Николай Павлович Соболев знаком нашим читателям по предыдущим публикациям. Пройдя в ранней молодости через адовы круги ГУЛАГа, он всю последующую жизнь хранил в памяти страшные страницы пережитого. И теперь эти воспоминания вылились в объемистую рукопись, очередной отрывок из которой мы предлагаем вашему вниманию.
…Дождь лил, не прекращаясь, целый день. И только к вечеру поутих. Около трехсот заключенных со всех зон пересыльного лагеря города Комсомольска -на- Амуре построили в колонну и под усиленной охраной повели на железнодорожную станцию. Триста плохо одетых и обутых, голодных людей, съежившись от дождя, шагали в новую неизвестность. Конвоиры без конца покрикивали злобно:
– Не растягиваться! Подтянуться!
Наконец дошли до станции. Нас выстроили вдоль товарного состава, многие вагоны которого уже были заняты нашим братом. Вечерело. Дождь почти прекратился. Перед “походом” нас почему-то не накормили, и теперь мы, промокшие, озябшие и голодные, понуро стояли в ожидании посадки. Ну вот, началась. Производили посадку строго по алфавиту. Дошла очередь и до меня. Когда начальник принимающего конвоя назвал мою фамилию, я, по возможности торопясь, подошел к нему, чтобы громко назвать свои данные, и внутренне ахнул! Передо мной стоял бывший командир взвода штрафной колонны № 304 Амурлага, где я два года валил лес, Кузьмич. Мы его там все так называли за его человеческое отношение к зекам. Он уже был в чине капитана, а не “старлея”, как там, в лесу…
Я вытянулся и громко назвал год и место рождения, статью, начало и конец срока. А он, повернув голову в сторону вагона с открытыми дверями, крикнул:
– Старостой вагона назначаю Соболева! Слышите?! – и, обратившись ко мне, добавил: – Заходи!
Я поднялся в вагон, окинул взглядом находившихся там зеков и решительно подошел к правым нарам, где у окошка сидел изможденный мужик лет сорока-пятидесяти. За пять лет скитания по лагерям от меня, застенчивого сельского паренька, не осталось и следа. Я посуровел, набрался нахальства, стал резким и безжалостным. Не раздумывая, я потребовал освободить мне место, и мой собрат по несчастью беспрекословно его покинул. Раскинув свои пожитки, я лег и стал наблюдать за посадкой.
Люди заходили, мокрые и усталые, со своими жалкими пожитками и, как затравленные звери, растерянно озираясь, искали, где притулиться. Света в вагоне не было, только слабый отсвет станционных фонарей позволял кое-как ориентироваться. В вагоне стояла приглушенная перебранка – каждому хотелось устроиться “получше”. Особенно плохо пришлось тем, кто заходил последним, им “места” достались только на полу.

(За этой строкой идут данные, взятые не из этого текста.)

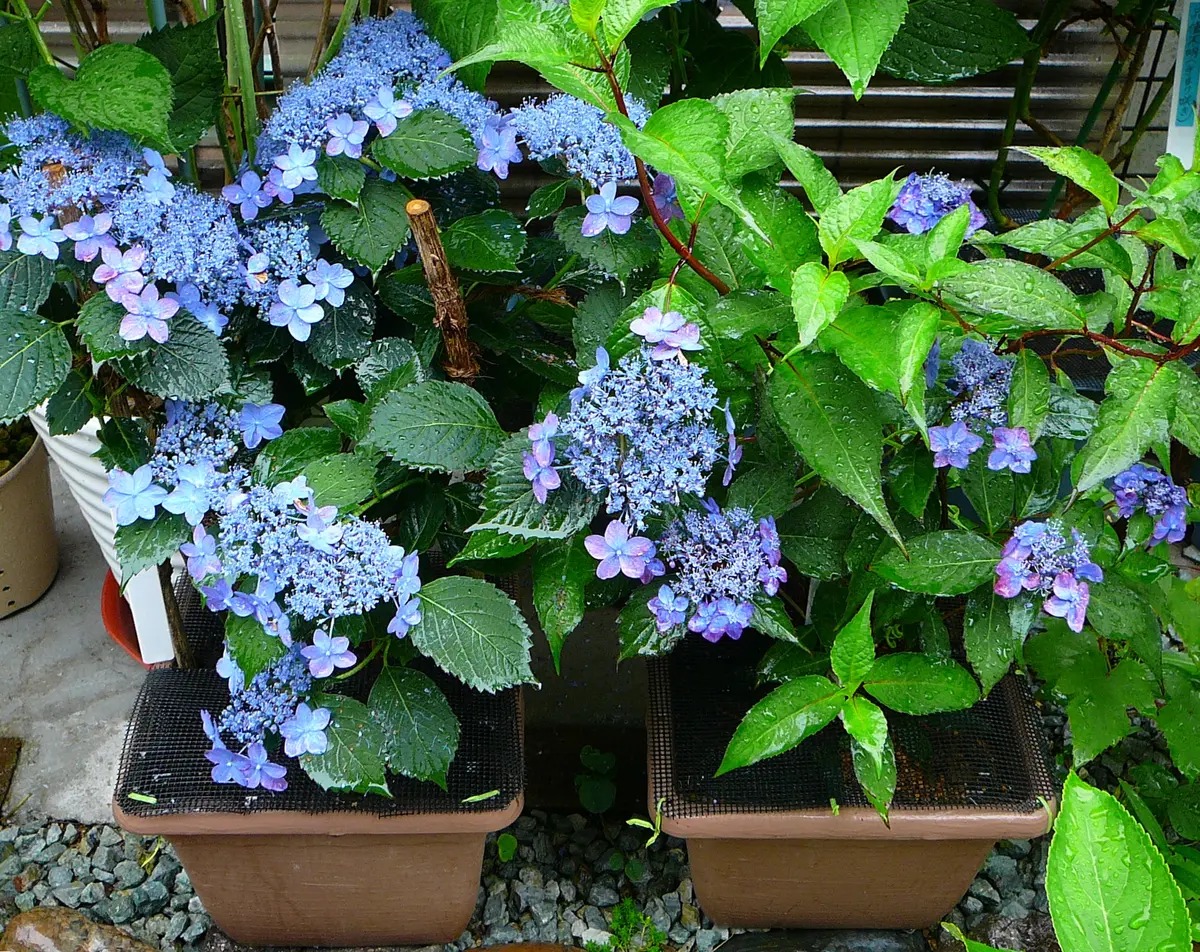 青色アジサイ 園芸ネット本店｜アジサイ：ブルーダイヤモンド5号鉢植え の通販【公式】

Глядя на входящих, я старался определить, что за люд у нас подбирается, и с облегчением отметил, что “урки” к нам не попали – их легко было отличить от “политических”. Вскоре вагон утих, многие даже заснули. А я все лежал, возбужденный встречей с Кузьмичом и своим “назначением”. Что это для меня означало? Я – простой советский заключенный, осужденный по 58-й статье. Меня запросто можно было расстрелять, например, “за попытку к бегству”, или сгноить в “буре” (барак усиленного режима), или в – “шизо” (штрафной изолятор), и никто не понес бы ответственности. Я знаю, сколько нашего брата гибло таким образом… Всякие мысли роились в моей голове, а основная: куда же нас везут и что нас там ждет?

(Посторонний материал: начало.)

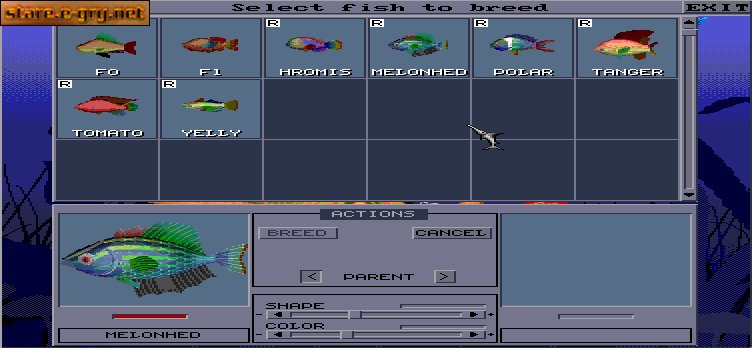 El-Fish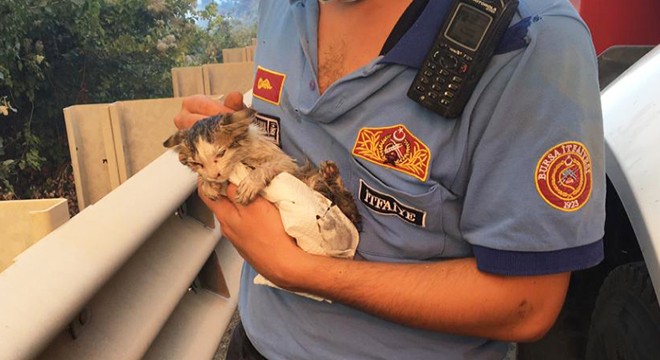 Yanan ormandaki kedi, itfaiye ekiplerince kurtarıldı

Я уже писал, но повторюсь, что любой этап для заключенного – это огромная психологическая нагрузка, потому что, как ни тяжело в лагере, постепенно к нему приноравливаешься, вырабатывается какой-то стереотип поведения и жизненного уклада. А тут опять – неизвестность, новые начальники и конвоиры… Но так или иначе, усталость взяла свое, и я уснул. Проснувшись, услышал стук колес. Значит, поехали. Я оглядел вагон, вижу, многие уже не спят, молча сидят на нарах. Чтобы как-то их подбодрить, я громко сказал:
– Доброе утро! И доброго пути, мужики!
Кто-то чуть заметно улыбнулся, а некоторые даже сказали спасибо. И снова каждый погрузился в свои нелегкие думы. А у меня уже другая забота: скоро, должно быть, нас остановят, чтобы раздать хлебные пайки, а это в этапах задача не из легких, часто случаются драки, и жестокие!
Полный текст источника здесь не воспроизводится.